The blueprint replaces the Highway Trust Fund (HTF) with a newly created Transportation Trust Fund (TTF), a significant step in the right direction to give transit parity with highways, including a measure of insulation from political meddling. The TTF as proposed comprises four accounts: transit, highway, high-speed passenger rail and a National Infrastructure Bank (NIB). Sources for portions of the $556 billion spending request and proposed spending increases were not identified. Although the blueprint called for consultation with Congress, funding is sure to be the key battle.

The 2012 budget calls for continuation of the Transportation Investments Generating Economic Recovery Program (TIGER) with $2 billion in funding, then replacement of the TIGER program with the NIB, funded at $5 billion per year during the six years of the surface transportation authorization bill. This new account would fund multi-modal projects identified as having significant regional and national impact.

Full funding to implement the surface transportation plan is unlikely. But the plan puts the issues on the table for discussion. Perhaps the most fundamental dispute in Congress concerning transportation is the need for public transit. Federal funds provide significant support to airports, highways, ports and other infrastructure that strengthens our national commercial interests. Although funding for these areas also is debated, there is typically widespread support for expansion and maintenance.

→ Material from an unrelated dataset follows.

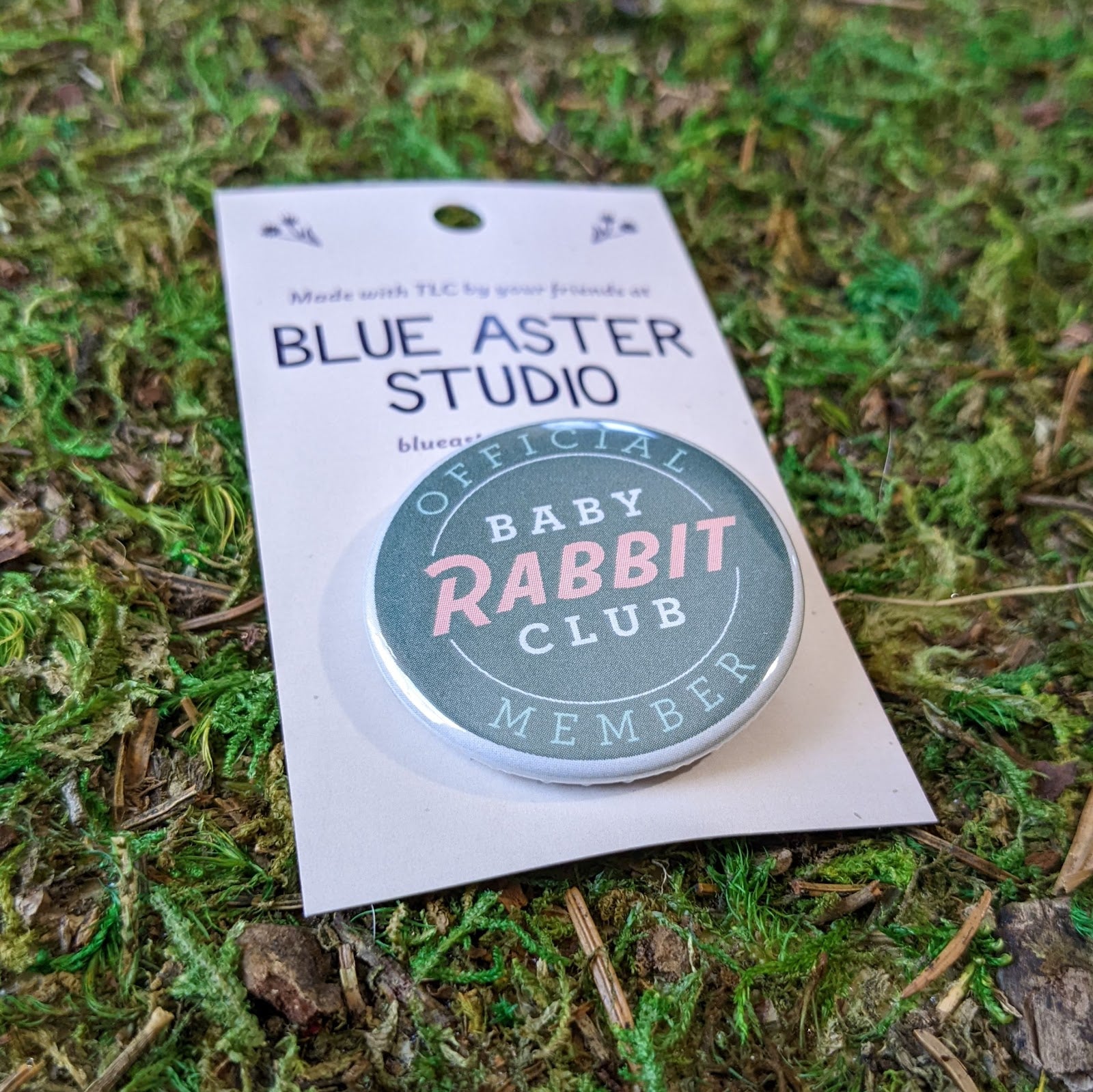 A close up of the Baby Rabbit Club button.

Do some lawmakers view transit in a different light, seeing transit as not as crucial to commerce as other transportation elements? Based on past votes, it appears the answer is yes. Some members of Congress would like to leave transit funding entirely to local governments and private enterprise. Unfortunately, sales and property tax revenues are insufficient for states and municipalities to be the principal supporters of transit systems, an unsustainable obligation when tax revenues were strong.

Strong transit systems add efficiency within cities. A high-speed rail network, connecting city centers, reduces travel times and airport loads. Reducing foreign oil dependence and greenhouse gas reductions are also real outcomes of a shift to more utilization of public transit. Funding to reach these goals should be a national priority, with responsibility to implement at the local level.